Many organizations fail to properly interpret IT security threat data or to share threat intelligence, and are unable to turn that data into actionable insights. The result is that many cyber defense systems are ill-prepared to handle the growing number of threats they experience.
Those are among the findings of a new cyber security study from McAfee Inc., “McAfee Labs Threat Report: April 2017,” which noted a huge increase in the number and variety of cyber threats experienced by organizations today.
“The security industry faces critical challenges in our efforts to share threat intelligence between entities, among vendor solutions, and even within vendor portfolios” notes Vincent Weaver, vice president of McAfee Labs. “Working together is power. Addressing those challenges will determine the effectiveness of cybersecurity teams to automate detection and orchestrate responses, and ultimately tip the cybersecurity balance in favor of defenders.”

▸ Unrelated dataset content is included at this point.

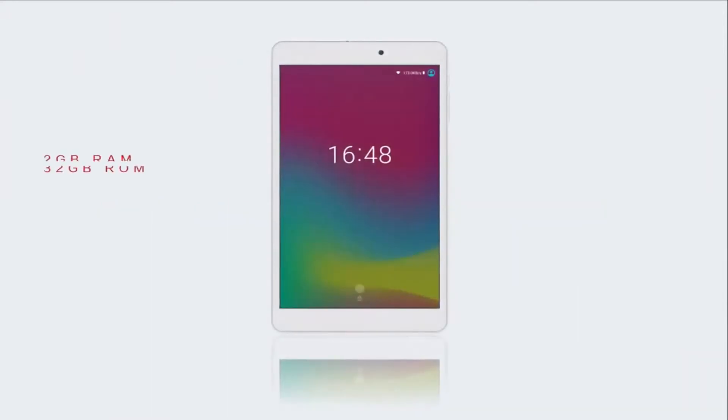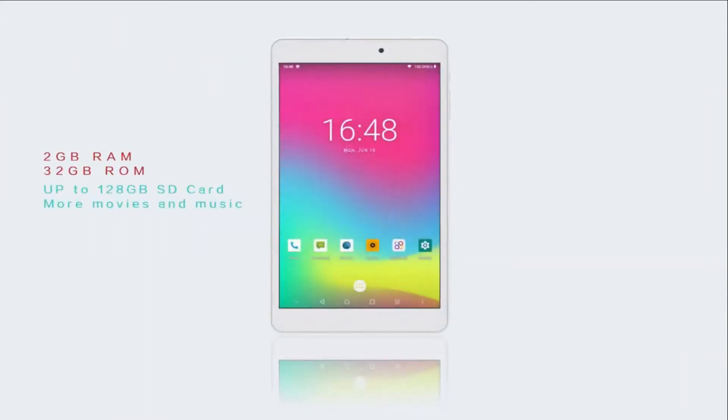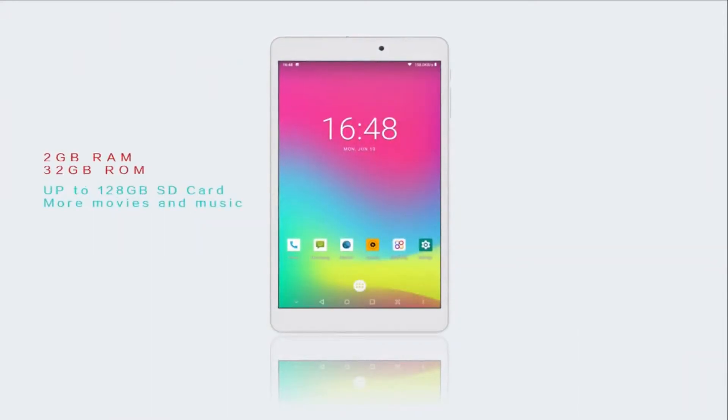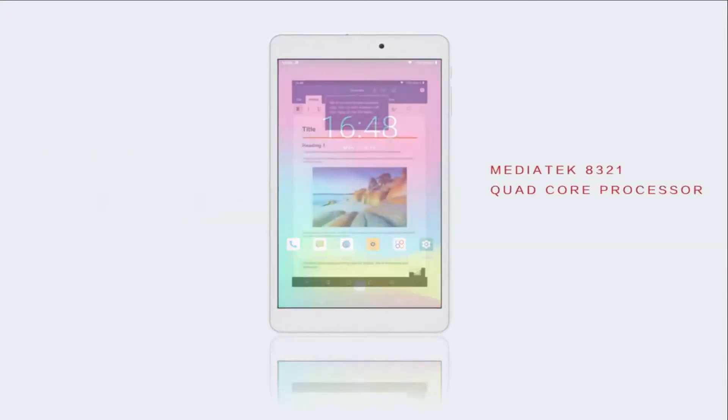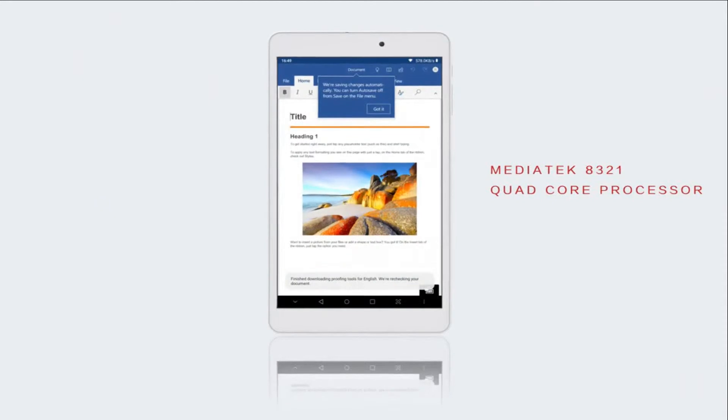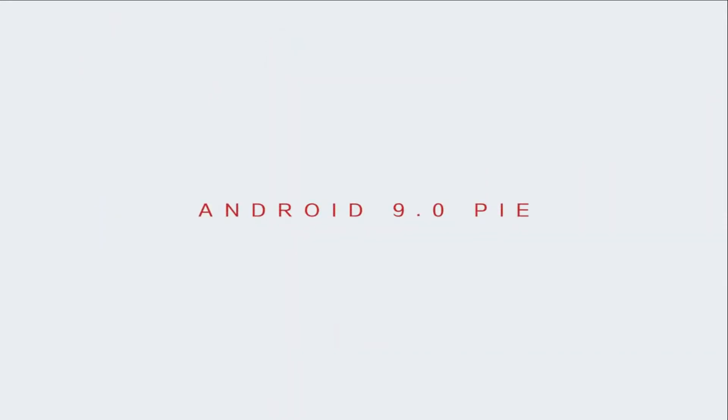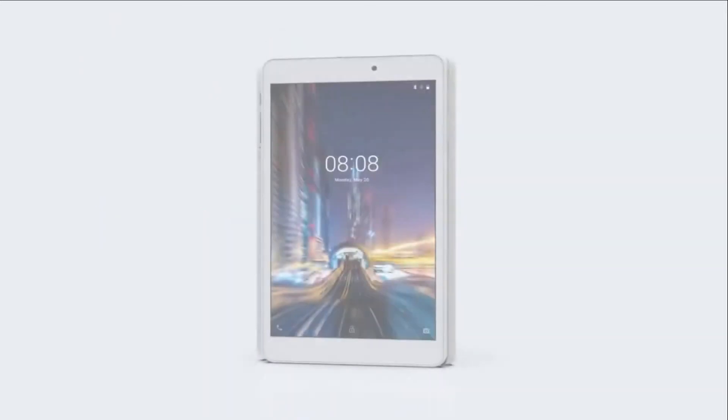ALDO Q by Play 8 Pro features dual cameras — one front, one back. The back camera is 2.0 megapixels and the front camera is 0.3 megapixels.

The McAfee Labs report contains a number of dramatic statistics:
- Total Mac OS malware grew 744 percent in 2016
- Mac OS malware grew by 245 in Q4 of 2016 alone
- 176 new cyber threats were detected every minute, almost three every second in Q4 2016
- Ransomware grew 88 percent in 2016
- Mobile malware grew 99 percent in 2016
- Overall malware grew 24 percent in 2016
- While still a minute fraction compared to Windows threats, new Mac OS malware samples grew 245 percent in Q4 2016
- Total malware samples grew 744 percent in 2016
The report cites a number of challenges to threat intelligence sharing and the effective use of IT security data. The first challenge is the obvious sheer volume of cyber security threats now happening. Beyond that, threat assessment tools need to capture richer data on threat patterns and do so more quickly.
Attackers may file false threat reports to mislead or overwhelm threat intelligence systems, the report says, and data from legitimate sources can be tampered with.
Most importantly, the failure to identify threat patterns and key data points in threat data makes it impossible to turn threat data into intelligence to inform cyber security defense teams, the report concludes.